I have no idea why they mention Maggie's name here. 12 feet under and someone still drags her name around. Fancy putting Tony Blair, her adopted son in the same frame. I dunno what's the World coming to... :whistling

The pioneering model of outsourcing public services is under severe strain, as these charts show.


Getting private companies to run public services was a big Margaret Thatcher idea back in the 1980s, a mission embraced by her eventual successor as U.K. Prime Minister Tony Blair. It led to the rise of British outsourcing titans such as Capita Plc, Serco Group Plc and G4S Plc, which manage facilities ranging from prisons and Royal Air Force bases to leisure centers and car parks.

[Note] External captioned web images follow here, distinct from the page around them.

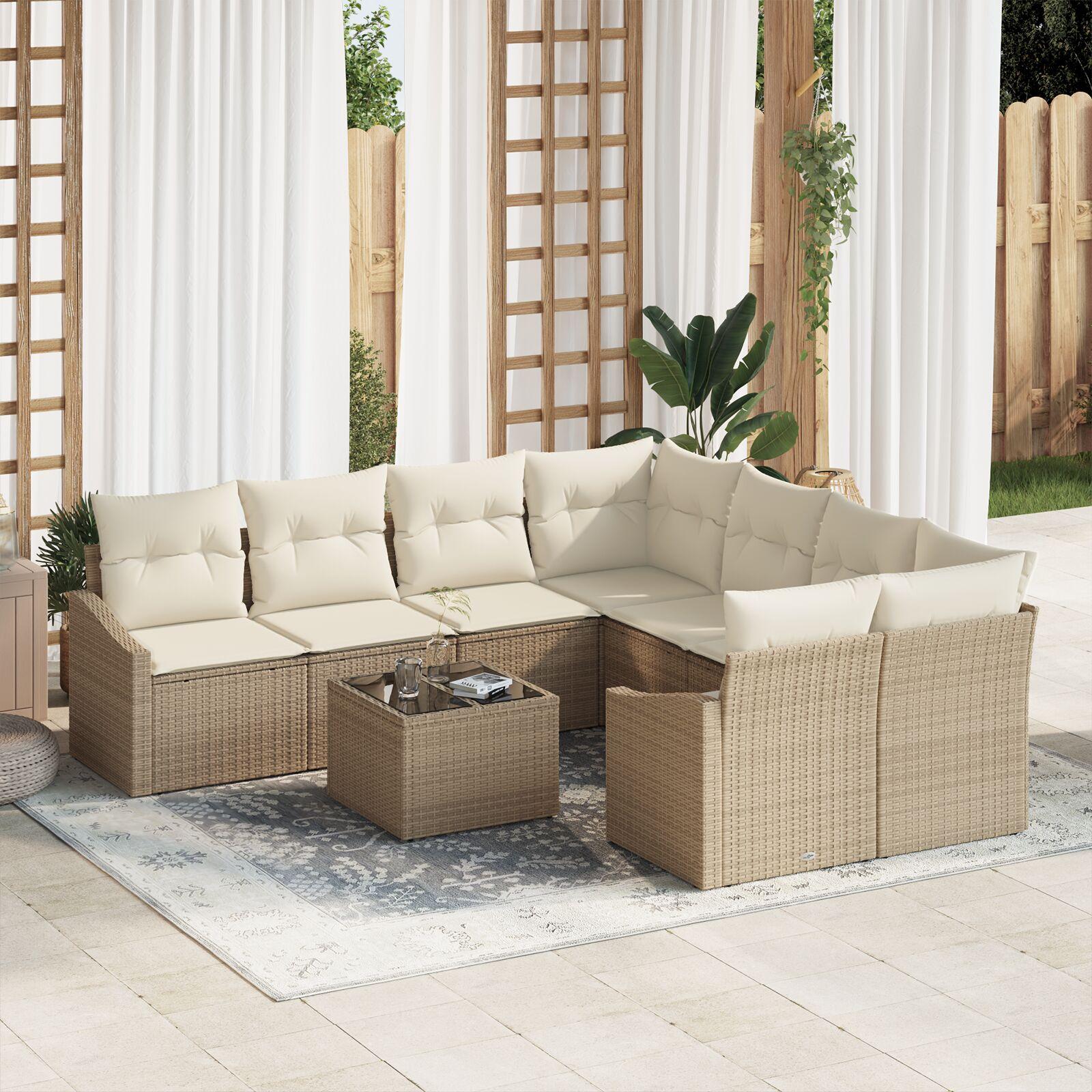 Havesofa Sæt med pude 9 stk Beige og creme 55 x 55 x 37 cm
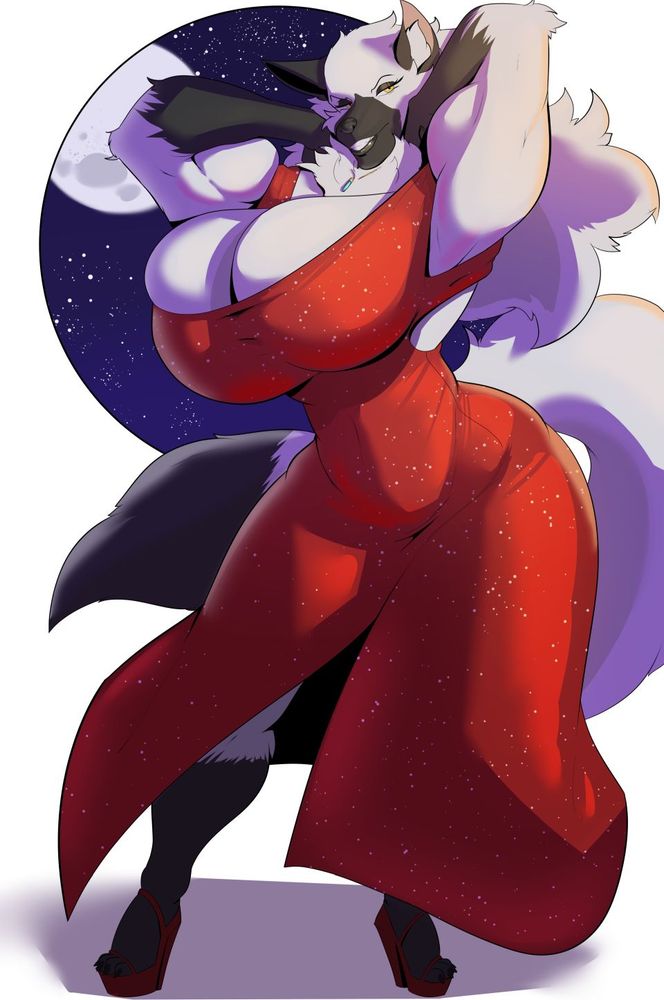 The female wolf Iridium, wearing a sparkly red evening dress and red heels.  She is quite busty here, and while clearly muscular, not too huge to overpower the dress.  She stands before a circular window showing stars and the Moon.  She is smiling at the viewer.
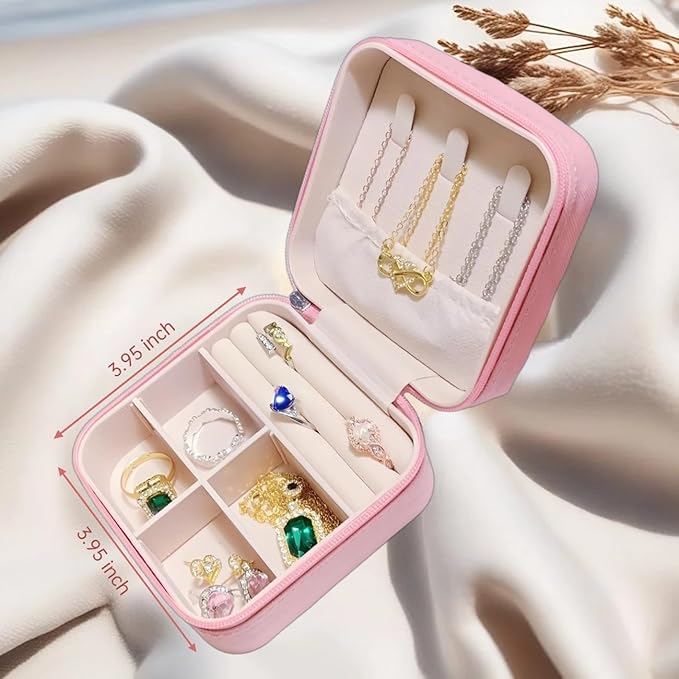 Small Jewelry Box,Travel Jewelry Organizer Case with Stylish Braided Surface,Portable Storage Case for Rings Necklace and Stud Earring
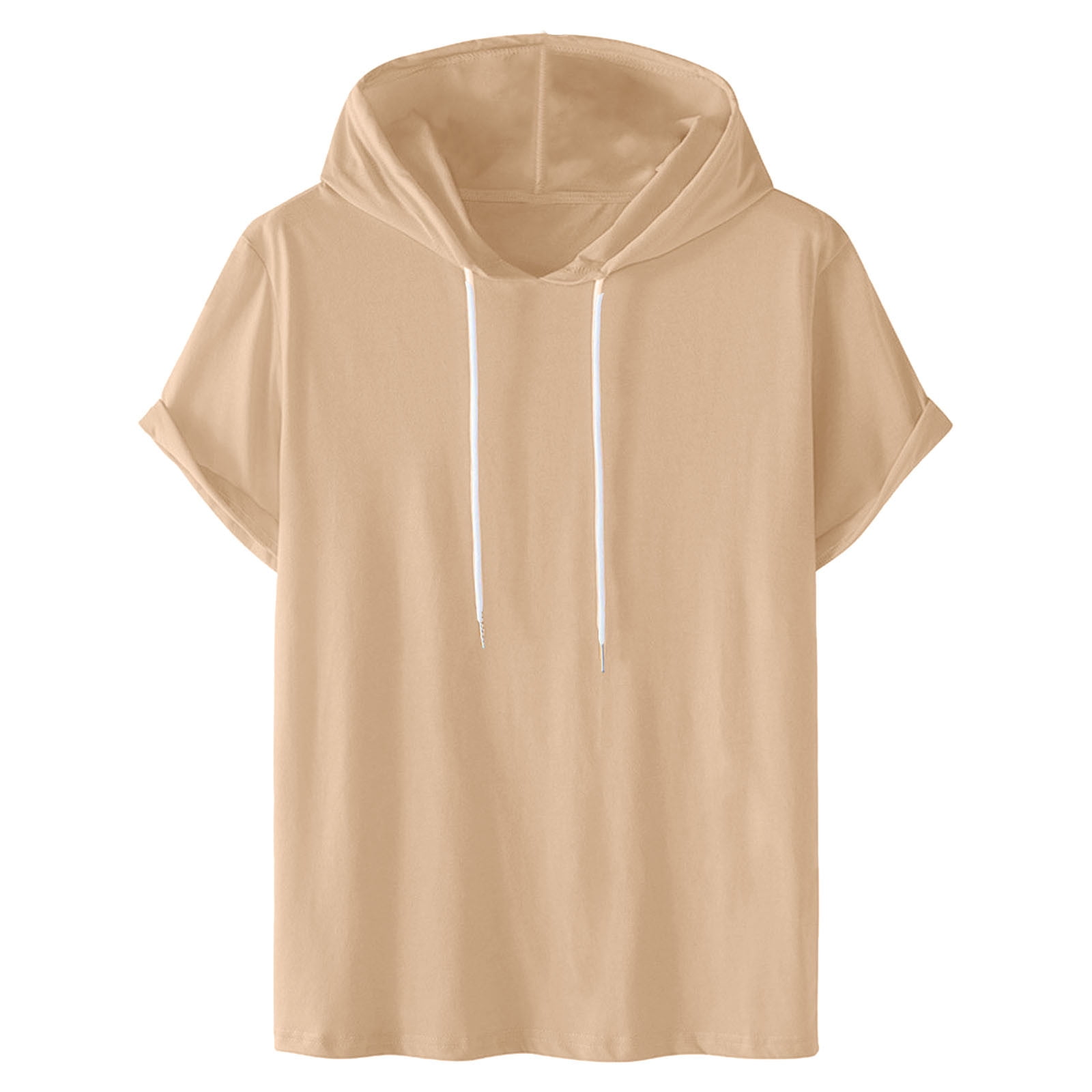 cfhntfmh Short Sleeve Hoodies for Men Basic Solid Cotton Clothes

You wouldn't call them giants now. After sector scandals a few years back that included billing taxpayers for keeping track of dead offenders, we've moved on to agonizing about the companies' finances as Britain's austerity drive squeezes how much they can make from contracts. Carillion Plc's collapse and this week's monster profit warning from Capita show the danger.

There are differences in the health of these companies, of course, and how they operate. G4S is doing better than its peers. But the picture of their profit margins is largely similar, as this chart shows (even if that's only really started weighing on generous dividend payouts recently):

The mushrooming of debt relative to earnings at some firms adds to the sense of fragility:

On the balance sheet, people are taking action. Hence this week's "kitchen-sinking" by Capita's new broom CEO. Yet even if his rescue act goes well, what next? Serco boss Rupert Soames -- Winston Churchill's grandson, no less -- had perhaps an even bigger task saving that company from crisis in 2014. But its market value still languishes below one billion pounds ($1.4 billion) as it waits in hope of a proper recovery.

Having to deal with a Brexit-paralyzed British government isn't helping the outsourcing crowd. If left-wing Labour leader Jeremy Corbyn wins power on his stridently anti-privatization platform, then all bets are off.